As Desis, we often straddle two worlds—traditional expectations and modern realities. We want someone who’s attractive and successful, but we also want loyalty, patience, shared values, and groundedness. That requires us to be more than just impressive—it requires us to be intentional.
Don’t let your highlight reel blind you to your blind spots. Like Sanders, you may have all the makings of a first-round pick—but if you act like the world owes you love, you might not get chosen until round five. Or not at all.
Instead, aim to become someone who understands partnership as a sacred bond, not a status symbol. Ask better questions. Listen more than you talk. Be willing to admit when you’re wrong. These may seem like small things, but in the long run, they are what make you marriage material—not your job title, not your Instagram following, not your curated photos.

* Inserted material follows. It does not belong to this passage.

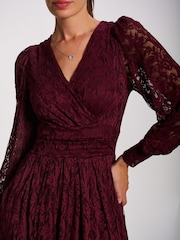Jolie Moi Red Long Sleeve Printed Lace Maxi Dress - Image 3 of 6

And if you feel like you've been overlooked despite your best efforts? That’s not the time to retreat into bitterness. It’s the time to reassess—not just your dating strategy, but your posture. Are you showing up with curiosity? With grace? With a willingness to meet someone halfway?
Your dating app photos might bring someone to your profile. Your education might get you a conversation. But it’s how you show up on that first call, on that second date, and during a disagreement—that determines whether you’re seen as a teammate or a solo act.
In the end, someone’s going to choose you—not because you dazzled them on paper, but because you showed them that you’re the real deal in person. Not the filtered version. Not the flexed version. But the genuine, grounded, and growth-oriented version of yourself.
Key Takeaways for South Asian Singles:
Being desirable isn’t the same as being dateable.
If you think you're above the process, you’ll alienate the very people you're trying to attract.
Confidence is attractive—but humility keeps you in the game.
Your dating success isn't about how many people want you; it's about how many people want to grow with you.
Online dating is a tool—not a shortcut. What you bring offline is what truly counts.
Don’t confuse matches with momentum. What you do after the match is what matters most.
At the end of the day, the best relationships are not built on potential—they’re built on partnership.
If you want to be someone’s first-round pick, start acting like someone who wants to play on a team.